Information supplied section start
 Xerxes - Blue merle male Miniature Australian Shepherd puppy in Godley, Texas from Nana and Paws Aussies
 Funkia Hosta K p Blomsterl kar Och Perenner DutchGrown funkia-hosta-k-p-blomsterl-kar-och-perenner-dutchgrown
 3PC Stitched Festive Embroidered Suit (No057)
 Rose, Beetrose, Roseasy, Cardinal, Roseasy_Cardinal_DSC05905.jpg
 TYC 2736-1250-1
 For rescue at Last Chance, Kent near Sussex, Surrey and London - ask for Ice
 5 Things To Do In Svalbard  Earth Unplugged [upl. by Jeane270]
Information supplied section end
Information supplied section start
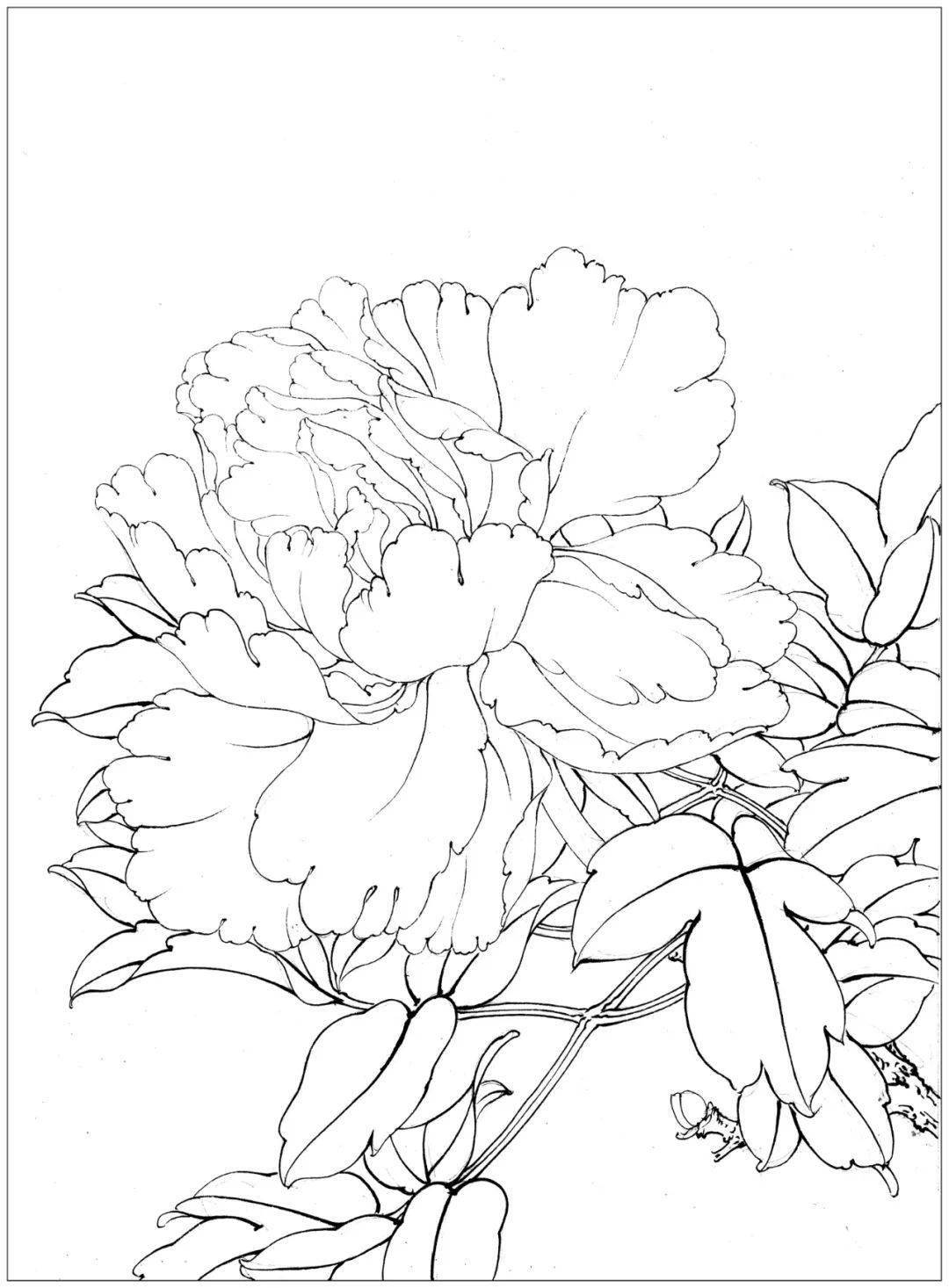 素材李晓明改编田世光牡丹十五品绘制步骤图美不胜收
Information supplied section end
• **What you will do**
Begin with the line that has "For rescue at" in the listing above and end after the line that has "5 Things To"; output those lines exactly.

• **Answer box**
 For rescue at Last Chance, Kent near Sussex, Surrey and London - ask for Ice
 5 Things To Do In Svalbard  Earth Unplugged [upl. by Jeane270]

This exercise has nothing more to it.